Any of you guys fuck a 16 year old again? Because our front yard got fucked over high school style.
Watching Miami Social reminded me of how much I miss snorting coke with burger king straws in a life guard hut on the beach until we noticed someone was drowning.
Did you save them?
Who?
She is making me post-sex grilled cheese at 2 am wearing only shorts and cowboy boots. I am so in love
I may have pooped in your shoe. or somewhere else in your closet. its unclear.
I had fun this weekend too.

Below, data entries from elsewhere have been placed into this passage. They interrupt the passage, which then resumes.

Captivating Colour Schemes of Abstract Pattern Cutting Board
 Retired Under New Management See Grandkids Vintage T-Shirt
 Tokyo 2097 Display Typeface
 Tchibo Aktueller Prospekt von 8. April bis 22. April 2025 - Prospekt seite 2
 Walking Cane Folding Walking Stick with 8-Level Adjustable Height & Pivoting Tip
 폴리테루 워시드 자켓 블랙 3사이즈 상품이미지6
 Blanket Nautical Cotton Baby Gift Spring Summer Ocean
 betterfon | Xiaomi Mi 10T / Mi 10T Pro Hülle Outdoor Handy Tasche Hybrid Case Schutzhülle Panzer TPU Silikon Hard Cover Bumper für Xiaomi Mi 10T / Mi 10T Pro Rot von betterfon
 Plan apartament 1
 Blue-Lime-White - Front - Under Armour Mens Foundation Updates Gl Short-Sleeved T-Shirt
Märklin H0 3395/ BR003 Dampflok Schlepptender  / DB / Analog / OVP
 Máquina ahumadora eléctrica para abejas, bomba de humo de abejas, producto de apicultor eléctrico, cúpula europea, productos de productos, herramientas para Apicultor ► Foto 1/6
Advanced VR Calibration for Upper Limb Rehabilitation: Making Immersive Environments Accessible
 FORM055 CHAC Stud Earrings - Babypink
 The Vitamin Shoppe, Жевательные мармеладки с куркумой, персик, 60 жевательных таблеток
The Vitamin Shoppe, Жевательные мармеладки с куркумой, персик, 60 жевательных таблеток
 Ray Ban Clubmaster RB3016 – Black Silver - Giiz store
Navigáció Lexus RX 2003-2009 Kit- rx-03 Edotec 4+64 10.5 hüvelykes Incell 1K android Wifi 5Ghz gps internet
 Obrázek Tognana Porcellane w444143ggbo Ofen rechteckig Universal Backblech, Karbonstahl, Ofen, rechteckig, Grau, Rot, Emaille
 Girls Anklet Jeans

According to Web MD, my symptoms say I had a miscarriage.
she just convinced the cop to buy us ice-cream sandwiches. best/worst stoned experience ever.
Goodbye spring break, hello depressing video on AIDS.
Its a cash in stratch tickets to afford cigarettes and coffee kind of friday
You walked up to me, grabbed my face and said "I just peed in the sink!"
He looks like he was the one that always had koolaid stains around his mouth as a kid, he can fuck off.
drying my bra with a hair dryer wasn't exactly how I had planned on starting my day.
last night you told me I had a dark, salty butthole
Just bought a gingerbread house kit and pregnancy tests. Happy holidays.
With my son watching me, I pulled down my pants and shit in her trash can.
ok, muffins say "love me", waffles say "fuck me", got it.